Odliczenie wydatków na polisy to sztandarowy postulat projektu ustawy o dodatkowych ubezpieczeniach zdrowotnych. W przyszłym tygodniu kończą się jej konsultacje społeczne. Ze stanowiska, jakie otrzymaliśmy od Ministerstwa Finansów (MF), wynika, że nowych ulg podatkowych nie będzie.

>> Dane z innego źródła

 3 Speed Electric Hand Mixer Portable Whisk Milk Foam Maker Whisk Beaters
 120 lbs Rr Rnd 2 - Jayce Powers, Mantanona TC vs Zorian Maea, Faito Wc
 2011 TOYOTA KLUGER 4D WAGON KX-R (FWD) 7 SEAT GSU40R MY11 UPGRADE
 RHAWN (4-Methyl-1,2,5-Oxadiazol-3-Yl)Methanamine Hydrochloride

"Przyjęcie ulgi pozostaje w sprzeczności z ustawą o finansach publicznych" - twierdzi resort finansów. I powołuje się na nowelę tej ustawy z grudnia 2010 r. Mówi: dopóki będziemy w procedurze nadmiernego deficytu (tę uruchamia Bruksela, gdy kraj Unii Europejskie łamie kryteria z Maastricht), rząd nie może przyjmować projektów wprowadzających nowe zwolnienia, ulgi lub obniżki uszczuplające dochody budżetu i innych jednostek finansów publicznych.
Na wyjście z tej procedury i powrót do dyskusji o ulgach podatkowych mamy więc szanse najwcześniej w 2013 r. Resort zdrowia spodziewał się weta MF, ale do ostatniej chwili liczył, że uda się go uniknąć.

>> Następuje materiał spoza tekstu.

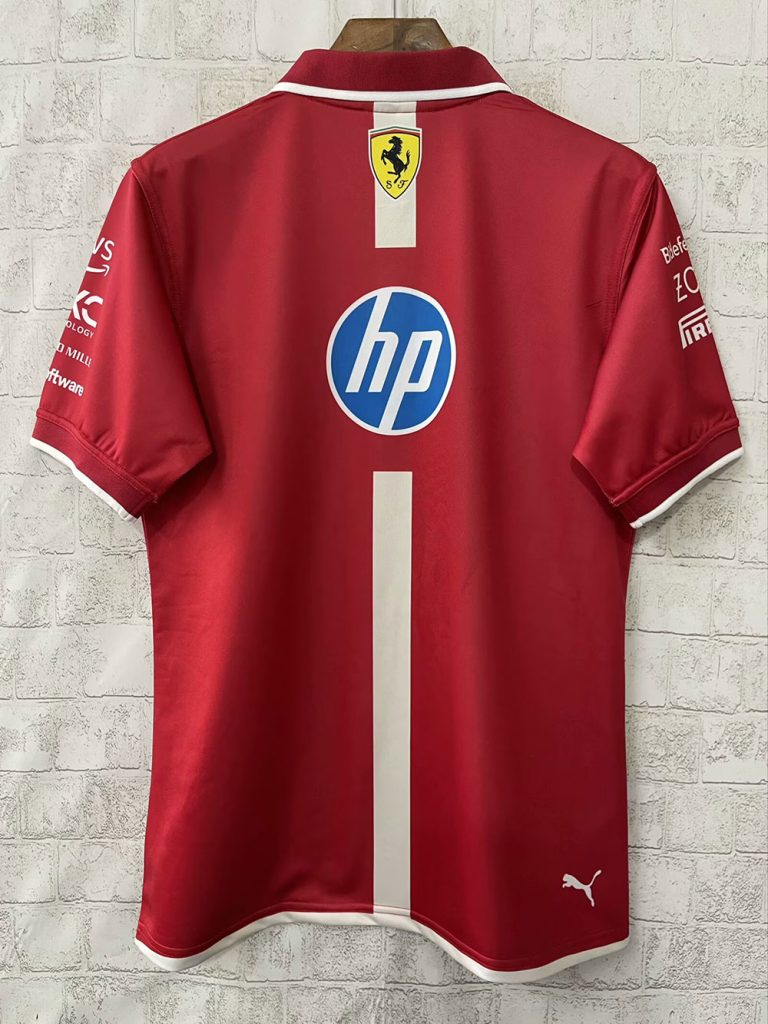 Ferrari 2025 Racing Camiseta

Rząd ominął już rygorystyczne przepisy. Wprowadził ulgi podatkowe dla dodatkowo oszczędzających na emeryturę w ramach indywidualnych kont zabezpieczenia emerytalnego (IKZE). Minister finansów Jacek Rostowski tłumaczył, że zsumowane zmiany w systemie emerytalnym wprowadzane ustawą są dla budżetu i deficytu finansów bardzo korzystne mimo wprowadzenia ulgi. W 2012 r. budżet zaoszczędzi na przekazywaniu składek OFE 18,3 mld zł, a koszt ulgi na IKZE, jeśli skorzysta z niej co dziesiąty uprawniony, wyniesie nawet 400 mln zł.
Reklama
Ulgi na polisy zdrowotne, według MZ, miały być o wiele tańsze. Jeśli Polacy wydaliby na ubezpieczenia 243 mln zł, to budżetowi ubyłoby 38 mln zł. Zdaniem MZ w dłuższej perspektywie polisy przyniosłyby oszczędności lub przynajmniej zahamowanie wydatków np. na pomoc finansową dla szpitali.

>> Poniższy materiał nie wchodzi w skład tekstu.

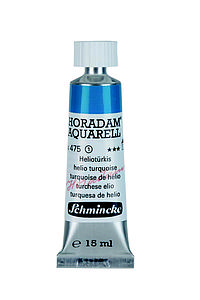 SCHMINCKE HORADAM AQUARELL 15ML - 475 HELIO TURQUOISE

"Polacy wydają z własnej kieszeni na zdrowie ok. 30 mld zł rocznie. Gdyby część tych pieniędzy przechodziła przez polisy, więcej z nich trafiłoby do szpitali i przychodni" - uważa minister zdrowia Ewa Kopacz. Projekt ustawy o polisach zdrowotnych ma też wiele przepisów porządkujących rynek. Ale i tu są spore kontrowersje. Przewiduje np. finansowanie zakupu polis przez pracodawców z zakładowego funduszu świadczeń socjalnych.
"To nieporozumienie, bo fundusz – jak sama nazwa wskazuje – ma charakter socjalny i w pierwszej kolejności służy pomocą biedniejszym pracownikom lub mającym kłopoty z powodu zdarzeń losowych" - mówi „DGP” - Wiesława Tarnowska z OPZZ.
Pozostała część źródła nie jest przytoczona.